(Short descriptive text snippets)

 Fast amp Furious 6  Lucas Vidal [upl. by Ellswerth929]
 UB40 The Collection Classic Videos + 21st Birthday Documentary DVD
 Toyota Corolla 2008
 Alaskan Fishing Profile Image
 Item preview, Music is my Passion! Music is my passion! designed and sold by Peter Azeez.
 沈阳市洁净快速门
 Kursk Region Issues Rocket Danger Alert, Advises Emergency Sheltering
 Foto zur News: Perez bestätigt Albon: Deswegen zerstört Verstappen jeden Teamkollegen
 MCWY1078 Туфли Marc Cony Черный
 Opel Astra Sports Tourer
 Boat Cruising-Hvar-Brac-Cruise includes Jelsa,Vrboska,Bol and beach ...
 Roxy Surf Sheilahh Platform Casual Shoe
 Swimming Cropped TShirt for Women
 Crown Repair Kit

## YOUR OBJECTIVE
Transcribe the data above verbatim.

## EXERCISE RESULT
 Fast amp Furious 6  Lucas Vidal [upl. by Ellswerth929]
 UB40 The Collection Classic Videos + 21st Birthday Documentary DVD
 Toyota Corolla 2008
 Alaskan Fishing Profile Image
 Item preview, Music is my Passion! Music is my passion! designed and sold by Peter Azeez.
 沈阳市洁净快速门
 Kursk Region Issues Rocket Danger Alert, Advises Emergency Sheltering
 Foto zur News: Perez bestätigt Albon: Deswegen zerstört Verstappen jeden Teamkollegen
 MCWY1078 Туфли Marc Cony Черный
 Opel Astra Sports Tourer
 Boat Cruising-Hvar-Brac-Cruise includes Jelsa,Vrboska,Bol and beach ...
 Roxy Surf Sheilahh Platform Casual Shoe
 Swimming Cropped TShirt for Women
 Crown Repair Kit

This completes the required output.